To illustrate this further, let me use the graph view of a collection of datasets in a typical Wholesale Bank as an example (“Figure A” above) and list a sample of very pertinent questions that you can easily find the answers to using a graph database: (i) are there traders who regularly cancel or amend their trades, who are the counterparties for these cancelled or amended trades, were these trades ever confirmed with the counterparties, the desks these traders work for, and what do their P&L look like; (ii) which counterparties are failing to timely settle their trades, what is our credit exposure to these counterparties, and which salesperson or traders are doing business with them; (iii) is a trader’s year-end remuneration commensurate with the risk (and risk horizon) they are taking, the P&L they are generating, and the cost of regulatory capital they need to support their business activities; (iv) which desks are growing too fast (from the perspective of risk taking and P&L generation); (v) are the market risk numbers in-line with the P&L; (vi) which traders’ P&L spike or fall at certain times during the year, such as quarter-end or year-end (an indication that the traders could be manipulating the P&L to meet their targets); and (vii) are we correctly disclosing our trading activities to the regulators. I can go on and on, but I guess you get the point.

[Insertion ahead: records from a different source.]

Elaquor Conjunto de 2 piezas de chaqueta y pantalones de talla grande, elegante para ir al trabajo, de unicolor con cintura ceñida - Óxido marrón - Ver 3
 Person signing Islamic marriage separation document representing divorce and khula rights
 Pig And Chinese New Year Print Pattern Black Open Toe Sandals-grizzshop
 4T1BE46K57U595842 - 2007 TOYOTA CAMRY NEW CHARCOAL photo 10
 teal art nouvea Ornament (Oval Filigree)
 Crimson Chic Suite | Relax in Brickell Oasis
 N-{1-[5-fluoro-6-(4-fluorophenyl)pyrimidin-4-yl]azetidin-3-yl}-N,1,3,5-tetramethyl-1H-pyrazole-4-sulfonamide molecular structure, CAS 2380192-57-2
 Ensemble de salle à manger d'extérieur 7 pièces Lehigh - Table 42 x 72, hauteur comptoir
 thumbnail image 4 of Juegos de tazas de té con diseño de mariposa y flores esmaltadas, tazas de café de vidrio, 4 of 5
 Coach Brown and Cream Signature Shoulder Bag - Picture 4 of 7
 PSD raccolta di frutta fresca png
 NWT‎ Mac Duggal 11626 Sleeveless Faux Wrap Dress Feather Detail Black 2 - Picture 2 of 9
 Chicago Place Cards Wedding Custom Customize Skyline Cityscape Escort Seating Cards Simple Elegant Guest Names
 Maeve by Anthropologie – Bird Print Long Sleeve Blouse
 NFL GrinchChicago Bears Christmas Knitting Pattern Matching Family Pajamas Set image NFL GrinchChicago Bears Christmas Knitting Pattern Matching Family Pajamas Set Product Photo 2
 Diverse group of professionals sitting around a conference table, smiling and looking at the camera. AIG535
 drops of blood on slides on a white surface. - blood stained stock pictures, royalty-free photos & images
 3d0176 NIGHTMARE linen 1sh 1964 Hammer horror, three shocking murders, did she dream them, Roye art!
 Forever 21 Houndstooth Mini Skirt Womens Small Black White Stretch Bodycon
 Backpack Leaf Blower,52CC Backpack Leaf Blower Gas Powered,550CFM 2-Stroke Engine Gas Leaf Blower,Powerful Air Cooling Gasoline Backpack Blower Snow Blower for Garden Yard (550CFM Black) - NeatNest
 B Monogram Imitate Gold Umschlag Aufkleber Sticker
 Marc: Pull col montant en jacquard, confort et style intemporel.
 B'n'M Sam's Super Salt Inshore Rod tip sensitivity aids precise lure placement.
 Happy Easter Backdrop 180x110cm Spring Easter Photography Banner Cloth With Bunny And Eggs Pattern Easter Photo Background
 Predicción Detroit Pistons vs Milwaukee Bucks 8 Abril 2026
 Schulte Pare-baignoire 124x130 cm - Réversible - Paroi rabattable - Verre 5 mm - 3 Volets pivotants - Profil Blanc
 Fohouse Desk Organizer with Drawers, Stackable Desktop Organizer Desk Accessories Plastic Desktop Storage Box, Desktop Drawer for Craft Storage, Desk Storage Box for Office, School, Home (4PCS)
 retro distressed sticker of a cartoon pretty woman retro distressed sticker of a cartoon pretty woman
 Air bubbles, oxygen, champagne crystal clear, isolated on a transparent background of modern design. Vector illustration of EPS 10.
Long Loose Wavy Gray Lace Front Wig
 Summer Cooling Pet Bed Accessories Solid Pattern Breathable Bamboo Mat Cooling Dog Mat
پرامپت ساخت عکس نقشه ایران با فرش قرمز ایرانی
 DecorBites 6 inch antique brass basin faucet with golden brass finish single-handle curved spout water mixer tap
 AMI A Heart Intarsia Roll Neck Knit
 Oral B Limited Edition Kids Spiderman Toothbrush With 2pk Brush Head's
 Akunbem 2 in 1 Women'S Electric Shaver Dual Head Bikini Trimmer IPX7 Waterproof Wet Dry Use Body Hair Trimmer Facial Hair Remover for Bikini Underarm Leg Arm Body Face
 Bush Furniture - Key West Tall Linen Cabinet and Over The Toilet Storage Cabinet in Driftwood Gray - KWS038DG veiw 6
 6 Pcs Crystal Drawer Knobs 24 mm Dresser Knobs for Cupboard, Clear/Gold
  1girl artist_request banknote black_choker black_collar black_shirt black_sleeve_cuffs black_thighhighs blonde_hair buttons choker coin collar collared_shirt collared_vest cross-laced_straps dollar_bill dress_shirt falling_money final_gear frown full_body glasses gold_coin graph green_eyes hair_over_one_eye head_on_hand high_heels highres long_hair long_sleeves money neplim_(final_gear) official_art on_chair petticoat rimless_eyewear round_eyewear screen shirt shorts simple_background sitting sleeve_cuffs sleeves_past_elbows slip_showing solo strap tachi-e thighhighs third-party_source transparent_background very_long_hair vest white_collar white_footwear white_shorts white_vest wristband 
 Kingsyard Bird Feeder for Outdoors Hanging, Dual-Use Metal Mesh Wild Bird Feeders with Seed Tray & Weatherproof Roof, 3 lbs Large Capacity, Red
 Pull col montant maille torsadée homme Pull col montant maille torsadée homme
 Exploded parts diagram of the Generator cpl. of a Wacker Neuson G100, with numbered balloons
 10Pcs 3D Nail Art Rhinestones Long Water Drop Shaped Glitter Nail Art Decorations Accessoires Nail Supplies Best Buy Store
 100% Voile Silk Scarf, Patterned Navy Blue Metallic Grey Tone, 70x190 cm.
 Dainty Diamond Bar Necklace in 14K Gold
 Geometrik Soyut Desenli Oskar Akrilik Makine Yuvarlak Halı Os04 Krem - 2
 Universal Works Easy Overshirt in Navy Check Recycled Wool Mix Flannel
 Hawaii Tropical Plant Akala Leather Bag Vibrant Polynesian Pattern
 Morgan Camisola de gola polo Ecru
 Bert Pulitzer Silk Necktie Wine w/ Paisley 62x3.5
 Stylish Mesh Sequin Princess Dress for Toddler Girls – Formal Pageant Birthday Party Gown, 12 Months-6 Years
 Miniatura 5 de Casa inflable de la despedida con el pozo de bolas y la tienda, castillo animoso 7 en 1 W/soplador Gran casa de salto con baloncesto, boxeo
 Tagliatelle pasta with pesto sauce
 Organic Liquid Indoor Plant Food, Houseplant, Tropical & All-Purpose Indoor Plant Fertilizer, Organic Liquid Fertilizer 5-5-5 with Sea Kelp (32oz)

Fascinating as this idea of a “digital brain” might sound to many of us, I am pretty sure that there will be auditors amongst us who would argue that such an enterprise is best left with the business, and that auditors should focus on what they do best – i.e. the good old school way of assessing risks and controls. When it comes to analysing standalone datasets, their argument has some merit. Because a standalone dataset is almost always owned by a specific business line; and the business should therefore be analysing that dataset as part of their day to day control activities. However, when it comes to exploring cross-functional relationships in datasets, I will have to respectfully disagree that we should leave it for someone else to take care of. The reason being that, unlike audit, very few functions have the mandate and authority to look under the hood of business activities in each and every part of an organisation.
On that high note, let me wrap up this article by wishing my readers a very happy, prosperous and innovative 2019!